Fantine shook her head, allowing her tone to become surly. "My head still hurts from yer men."
"I do apologize for that," he drawled, "but I did not think you would come just for the asking."
Fantine folded her arms over her chest. She would have come, if only to see what she could discover about the Wilberforce job. "Next time, ask. I might jes be willing."
"Really?" he asked, his attention not on her, but on the doorway as he audibly sniffed the air.
Fantine turned slightly, mimicking his motion, catching the delightful scent of roast mutton wafting up the stairs. Sweet heaven, it smelled wonderful. To her mortification, her stomach growled.
"Truly, my dear, you must join me," he offered with a grin. "I assure you it ain't poisoned."
Fantine stepped forward, her hunger eating at her patience.
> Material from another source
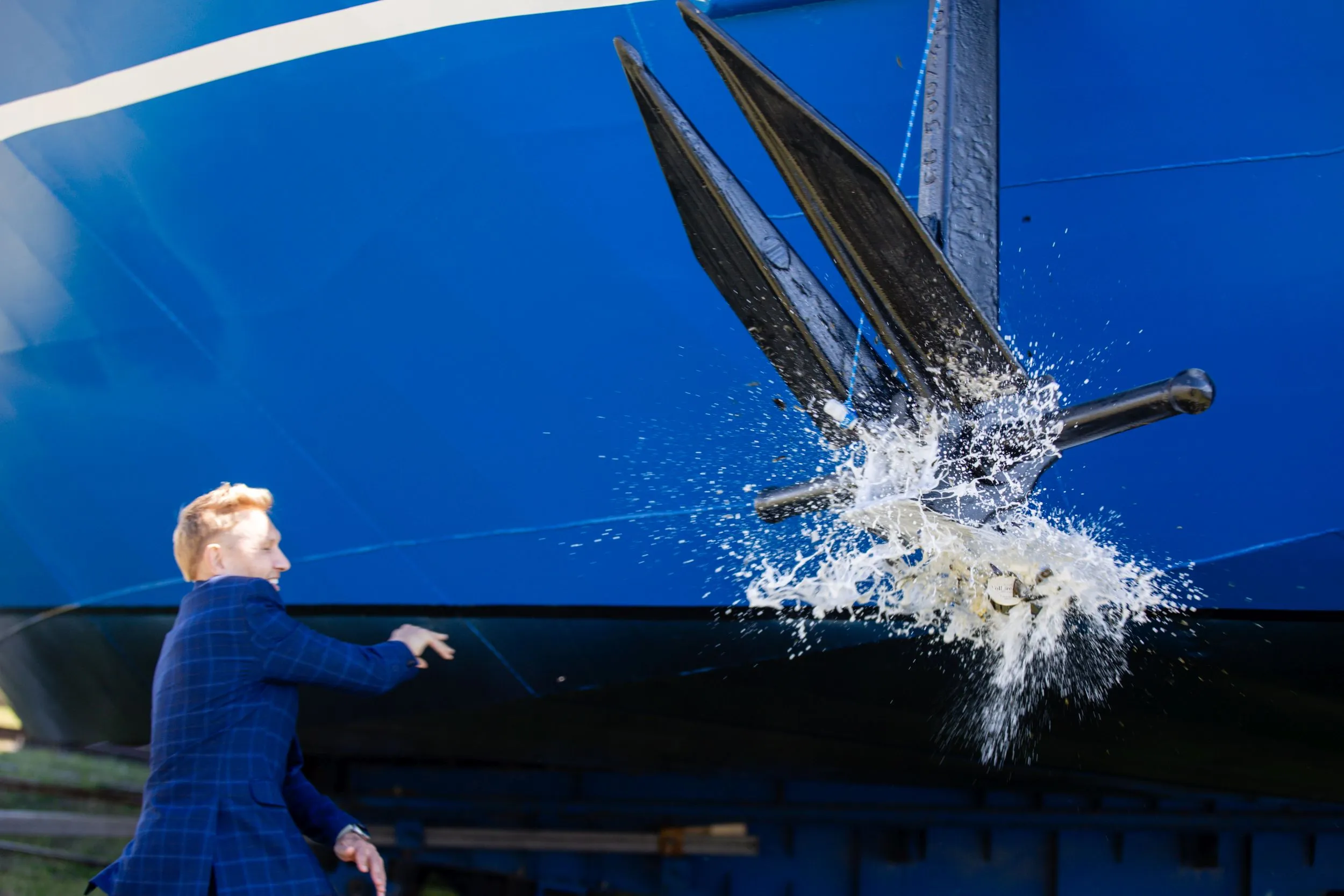 Į Nemuną nuleista didžiausia barža Baltijos šalyse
Of course she wanted his dinner, but she knew she would be surrendering to him in some small measure if she joined him. She could not afford that vulnerability. She would eat when she felt safe enough to do so.
Shutting down all thought of the succulent smells, she concentrated on her enemy. "Look, Hurdy, you didn't knock me on the noggin jest to meet me. What do you want?"
He did not answer, not that Fantine expected him to. He merely folded his arms and watched her while a stocky cook set out his meal. She held his gaze, showing her irritation while secretly praying that her stomach did not rumble again.
Finally the servant was done, leaving the room as silently as he had entered, and still Hurdy did not speak, did not even move. And so it continued as the room filled with the heavenly aroma of mutton done to perfection, and Fantine had to clench her jaw shut as she tried not to drool.